Friday, February 27, 2009

Yikes.

I haven't written in awhile. While I have had many "blogs" written in my thoughts as I drive around, listen to music, and sit awake at night going to sleep (or not), they have not materialized as being busy has taken over my life. I feel like I come up for gasps of air, and then sink back down with more "things to do". Ugh. 2009 is turning out to be a year of to-do's, working really hard, then being told I need to work harder, and growing intellectually,academically and professionally.

Note: this is not at all fun. I think I might rather it be a year for social growth and personal relaxation. Ha. However, there is a season for everything and know God is stirring in me through all this learning and doing. Sometimes I get overwhelmed with all my thoughts because I don't know what they mean or what they "look like"!

If only I had time to "soak it up". That is the problem! Really, I would try to enjoy it more, but hence the "I can't breathe-coming up for air" piece.

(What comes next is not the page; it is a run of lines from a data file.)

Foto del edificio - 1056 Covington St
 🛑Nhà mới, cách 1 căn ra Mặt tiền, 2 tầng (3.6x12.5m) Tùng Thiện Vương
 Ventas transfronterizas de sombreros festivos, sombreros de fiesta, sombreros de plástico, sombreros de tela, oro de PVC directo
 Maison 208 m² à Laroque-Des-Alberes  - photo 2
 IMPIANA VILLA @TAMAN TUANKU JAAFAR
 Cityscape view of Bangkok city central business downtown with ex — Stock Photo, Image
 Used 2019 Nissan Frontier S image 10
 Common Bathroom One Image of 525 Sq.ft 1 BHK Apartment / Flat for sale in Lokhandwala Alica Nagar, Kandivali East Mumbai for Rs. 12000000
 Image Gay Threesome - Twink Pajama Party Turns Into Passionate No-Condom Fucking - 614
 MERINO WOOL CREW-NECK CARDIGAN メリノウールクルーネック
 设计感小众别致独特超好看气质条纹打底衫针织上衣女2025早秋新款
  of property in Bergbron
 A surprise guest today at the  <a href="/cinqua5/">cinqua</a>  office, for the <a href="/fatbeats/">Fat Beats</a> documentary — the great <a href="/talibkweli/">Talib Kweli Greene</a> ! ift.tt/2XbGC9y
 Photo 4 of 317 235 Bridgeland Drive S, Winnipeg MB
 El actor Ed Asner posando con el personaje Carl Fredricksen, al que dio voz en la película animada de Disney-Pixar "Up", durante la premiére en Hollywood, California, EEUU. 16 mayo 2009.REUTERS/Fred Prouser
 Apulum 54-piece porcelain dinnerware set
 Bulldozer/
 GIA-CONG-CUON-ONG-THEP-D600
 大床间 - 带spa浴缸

This past week, I went to an Ash Wednesday service. I had never been to one of these before but was looking forward to a time to sit and just soak it in. God, quiet, fellowship, something...I came seeking and needed filling up.

Well, the speaker talked about how repentance leads to true joy in salvation. If you have never experienced true repentance, then you cannot experience the joy of the Lord. Why? Because when you are repentant, then you come to the end of all hope in yourself, and know that you need God to save your soul. This is not sad or somber. Not a time for weeping, but a time of overflowing joy, because when we are not enough, Christ is enough, and that is SO great! Make sense? It does to me and that is probably because I feel so inadequate and shitty in myself. Not that I have poor self esteem or confidence - I have a good amount of both- but I know the end of Heather and the beginning of Christ. Really, I am nothing, He is everything. For me, I had to learn the hard way in many things, fall down, fall hard, you get the picture. How do you learn otherwise? Can you know without royally messing up? Or are we all royally messed up just in being? I don't know.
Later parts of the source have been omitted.